* Work task *
Which lines below fall between the one containing "MAILLOT RETRO VINTAGE" and the one containing "Gorra De Camionero"? Repeat them exactly, counting both of those lines, and add nothing else.

* Exercise material *
--------------------------------

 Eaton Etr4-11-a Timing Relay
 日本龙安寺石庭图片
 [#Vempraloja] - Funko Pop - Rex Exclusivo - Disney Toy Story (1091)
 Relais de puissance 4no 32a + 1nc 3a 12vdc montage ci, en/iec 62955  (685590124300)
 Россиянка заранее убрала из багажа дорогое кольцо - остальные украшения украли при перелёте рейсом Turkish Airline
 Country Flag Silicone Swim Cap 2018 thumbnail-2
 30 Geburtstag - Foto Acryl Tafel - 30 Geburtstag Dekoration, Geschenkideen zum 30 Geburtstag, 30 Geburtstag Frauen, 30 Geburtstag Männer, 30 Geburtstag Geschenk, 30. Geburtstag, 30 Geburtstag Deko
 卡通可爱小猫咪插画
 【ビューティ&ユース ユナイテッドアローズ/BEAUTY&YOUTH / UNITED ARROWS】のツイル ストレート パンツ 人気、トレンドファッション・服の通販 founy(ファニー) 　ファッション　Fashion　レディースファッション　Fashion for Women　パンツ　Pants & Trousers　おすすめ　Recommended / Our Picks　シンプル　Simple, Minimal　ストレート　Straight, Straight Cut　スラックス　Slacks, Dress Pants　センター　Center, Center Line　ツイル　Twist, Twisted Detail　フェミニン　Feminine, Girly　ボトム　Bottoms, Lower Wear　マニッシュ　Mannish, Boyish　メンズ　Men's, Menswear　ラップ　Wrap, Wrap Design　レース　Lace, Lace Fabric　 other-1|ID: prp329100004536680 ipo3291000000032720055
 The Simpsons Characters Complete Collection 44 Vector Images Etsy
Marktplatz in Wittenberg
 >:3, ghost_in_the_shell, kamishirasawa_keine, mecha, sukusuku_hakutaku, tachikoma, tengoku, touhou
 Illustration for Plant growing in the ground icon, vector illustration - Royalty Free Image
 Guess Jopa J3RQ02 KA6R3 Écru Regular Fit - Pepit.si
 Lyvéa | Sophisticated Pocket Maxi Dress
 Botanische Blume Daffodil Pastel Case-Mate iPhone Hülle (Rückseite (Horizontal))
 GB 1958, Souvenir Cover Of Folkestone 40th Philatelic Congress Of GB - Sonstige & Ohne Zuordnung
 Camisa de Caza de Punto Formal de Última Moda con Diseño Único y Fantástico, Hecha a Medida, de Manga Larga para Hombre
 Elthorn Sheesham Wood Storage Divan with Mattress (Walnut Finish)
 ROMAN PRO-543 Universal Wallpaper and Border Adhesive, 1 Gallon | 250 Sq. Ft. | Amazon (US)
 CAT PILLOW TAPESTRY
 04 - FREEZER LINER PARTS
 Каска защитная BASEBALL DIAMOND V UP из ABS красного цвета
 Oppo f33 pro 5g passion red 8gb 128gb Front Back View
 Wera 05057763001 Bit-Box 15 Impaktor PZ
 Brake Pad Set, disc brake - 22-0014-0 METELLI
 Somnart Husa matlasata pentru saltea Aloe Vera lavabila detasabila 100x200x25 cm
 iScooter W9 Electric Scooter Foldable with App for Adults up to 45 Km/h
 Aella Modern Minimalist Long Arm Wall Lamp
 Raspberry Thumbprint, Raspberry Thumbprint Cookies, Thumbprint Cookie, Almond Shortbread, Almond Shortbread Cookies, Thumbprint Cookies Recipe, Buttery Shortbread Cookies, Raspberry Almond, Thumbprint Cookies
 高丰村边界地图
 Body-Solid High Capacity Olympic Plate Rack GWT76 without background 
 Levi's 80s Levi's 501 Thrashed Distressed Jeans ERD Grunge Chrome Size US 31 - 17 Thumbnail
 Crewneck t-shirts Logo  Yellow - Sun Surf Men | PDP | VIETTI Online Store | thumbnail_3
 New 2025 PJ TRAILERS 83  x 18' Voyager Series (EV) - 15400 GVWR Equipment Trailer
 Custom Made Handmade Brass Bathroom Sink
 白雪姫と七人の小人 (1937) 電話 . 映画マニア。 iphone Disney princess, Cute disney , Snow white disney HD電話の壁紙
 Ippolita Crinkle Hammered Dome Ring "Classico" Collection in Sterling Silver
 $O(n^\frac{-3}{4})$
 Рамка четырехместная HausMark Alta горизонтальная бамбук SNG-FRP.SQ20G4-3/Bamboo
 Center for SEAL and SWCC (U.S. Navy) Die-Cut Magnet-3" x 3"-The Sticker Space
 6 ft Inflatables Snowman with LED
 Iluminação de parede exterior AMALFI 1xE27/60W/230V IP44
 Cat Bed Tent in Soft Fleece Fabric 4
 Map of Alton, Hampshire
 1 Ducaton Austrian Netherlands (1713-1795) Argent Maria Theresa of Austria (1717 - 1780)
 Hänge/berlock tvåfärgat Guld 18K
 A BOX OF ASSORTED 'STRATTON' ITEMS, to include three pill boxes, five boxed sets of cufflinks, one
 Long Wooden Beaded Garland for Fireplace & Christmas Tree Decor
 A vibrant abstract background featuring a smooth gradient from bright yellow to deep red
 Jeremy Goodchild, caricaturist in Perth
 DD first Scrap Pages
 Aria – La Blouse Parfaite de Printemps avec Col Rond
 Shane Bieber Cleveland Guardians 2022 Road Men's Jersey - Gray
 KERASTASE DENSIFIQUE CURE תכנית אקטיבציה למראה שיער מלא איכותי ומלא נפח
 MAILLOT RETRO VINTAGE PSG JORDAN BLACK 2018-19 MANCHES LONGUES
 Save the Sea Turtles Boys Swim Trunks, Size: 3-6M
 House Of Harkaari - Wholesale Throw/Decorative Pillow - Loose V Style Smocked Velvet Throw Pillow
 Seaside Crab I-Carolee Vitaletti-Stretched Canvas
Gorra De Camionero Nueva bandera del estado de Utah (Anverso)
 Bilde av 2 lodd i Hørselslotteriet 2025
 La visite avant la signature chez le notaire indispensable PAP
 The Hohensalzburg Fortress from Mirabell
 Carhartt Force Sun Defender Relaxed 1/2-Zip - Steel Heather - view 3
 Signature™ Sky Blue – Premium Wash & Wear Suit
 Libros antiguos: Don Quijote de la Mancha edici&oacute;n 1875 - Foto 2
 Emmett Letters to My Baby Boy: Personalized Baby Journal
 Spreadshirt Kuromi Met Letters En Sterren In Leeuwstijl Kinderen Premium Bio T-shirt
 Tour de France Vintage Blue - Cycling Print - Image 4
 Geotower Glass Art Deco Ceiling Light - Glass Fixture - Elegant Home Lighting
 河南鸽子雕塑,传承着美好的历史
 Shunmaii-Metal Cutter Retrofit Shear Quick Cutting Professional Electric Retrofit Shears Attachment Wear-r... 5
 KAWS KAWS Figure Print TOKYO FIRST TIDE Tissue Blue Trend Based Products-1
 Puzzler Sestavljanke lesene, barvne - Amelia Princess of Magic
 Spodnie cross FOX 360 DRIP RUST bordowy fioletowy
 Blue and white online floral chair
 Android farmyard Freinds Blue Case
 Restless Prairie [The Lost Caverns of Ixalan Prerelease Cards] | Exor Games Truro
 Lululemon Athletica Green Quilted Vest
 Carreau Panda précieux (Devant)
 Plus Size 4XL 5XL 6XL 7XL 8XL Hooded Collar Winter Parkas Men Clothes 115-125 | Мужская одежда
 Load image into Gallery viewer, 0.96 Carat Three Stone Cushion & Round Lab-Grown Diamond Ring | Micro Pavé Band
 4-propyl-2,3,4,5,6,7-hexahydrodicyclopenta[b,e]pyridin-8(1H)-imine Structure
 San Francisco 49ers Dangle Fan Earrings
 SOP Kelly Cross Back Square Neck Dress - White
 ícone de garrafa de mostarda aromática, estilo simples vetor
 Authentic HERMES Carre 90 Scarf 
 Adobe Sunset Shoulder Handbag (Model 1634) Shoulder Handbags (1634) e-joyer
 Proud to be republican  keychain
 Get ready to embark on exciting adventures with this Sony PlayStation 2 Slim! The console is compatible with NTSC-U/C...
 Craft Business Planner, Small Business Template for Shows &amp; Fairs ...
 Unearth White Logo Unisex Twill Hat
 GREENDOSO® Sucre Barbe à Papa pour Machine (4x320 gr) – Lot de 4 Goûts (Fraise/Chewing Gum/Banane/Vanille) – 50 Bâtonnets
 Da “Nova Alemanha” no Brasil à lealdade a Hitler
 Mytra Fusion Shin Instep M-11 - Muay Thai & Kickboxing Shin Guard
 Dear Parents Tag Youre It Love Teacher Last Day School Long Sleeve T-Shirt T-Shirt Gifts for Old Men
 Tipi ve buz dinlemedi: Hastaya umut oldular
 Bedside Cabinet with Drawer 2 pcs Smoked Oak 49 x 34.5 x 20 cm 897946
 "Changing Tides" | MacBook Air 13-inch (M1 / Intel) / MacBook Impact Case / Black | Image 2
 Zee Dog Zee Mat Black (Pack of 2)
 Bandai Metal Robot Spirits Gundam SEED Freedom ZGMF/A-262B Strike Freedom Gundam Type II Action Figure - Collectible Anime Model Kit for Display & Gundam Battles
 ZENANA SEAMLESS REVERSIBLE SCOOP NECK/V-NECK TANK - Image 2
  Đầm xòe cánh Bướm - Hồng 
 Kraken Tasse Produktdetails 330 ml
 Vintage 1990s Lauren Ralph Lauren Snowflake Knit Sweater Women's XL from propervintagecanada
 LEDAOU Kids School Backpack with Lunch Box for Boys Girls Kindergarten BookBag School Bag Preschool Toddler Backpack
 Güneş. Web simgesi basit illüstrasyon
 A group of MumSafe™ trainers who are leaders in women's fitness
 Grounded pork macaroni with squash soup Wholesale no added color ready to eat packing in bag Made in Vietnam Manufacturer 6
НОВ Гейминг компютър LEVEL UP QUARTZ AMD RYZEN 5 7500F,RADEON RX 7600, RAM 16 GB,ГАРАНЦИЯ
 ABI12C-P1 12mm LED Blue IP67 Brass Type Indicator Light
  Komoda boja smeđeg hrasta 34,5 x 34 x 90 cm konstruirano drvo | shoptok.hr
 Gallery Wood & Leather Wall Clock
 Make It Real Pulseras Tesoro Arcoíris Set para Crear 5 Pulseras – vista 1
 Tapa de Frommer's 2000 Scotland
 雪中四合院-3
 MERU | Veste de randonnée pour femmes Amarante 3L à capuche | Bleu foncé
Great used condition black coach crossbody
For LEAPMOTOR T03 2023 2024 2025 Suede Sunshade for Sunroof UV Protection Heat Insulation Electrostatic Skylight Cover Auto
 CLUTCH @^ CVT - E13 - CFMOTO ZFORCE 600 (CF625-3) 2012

--------------------------------

* Solution to this task *
 MAILLOT RETRO VINTAGE PSG JORDAN BLACK 2018-19 MANCHES LONGUES
 Save the Sea Turtles Boys Swim Trunks, Size: 3-6M
 House Of Harkaari - Wholesale Throw/Decorative Pillow - Loose V Style Smocked Velvet Throw Pillow
 Seaside Crab I-Carolee Vitaletti-Stretched Canvas
Gorra De Camionero Nueva bandera del estado de Utah (Anverso)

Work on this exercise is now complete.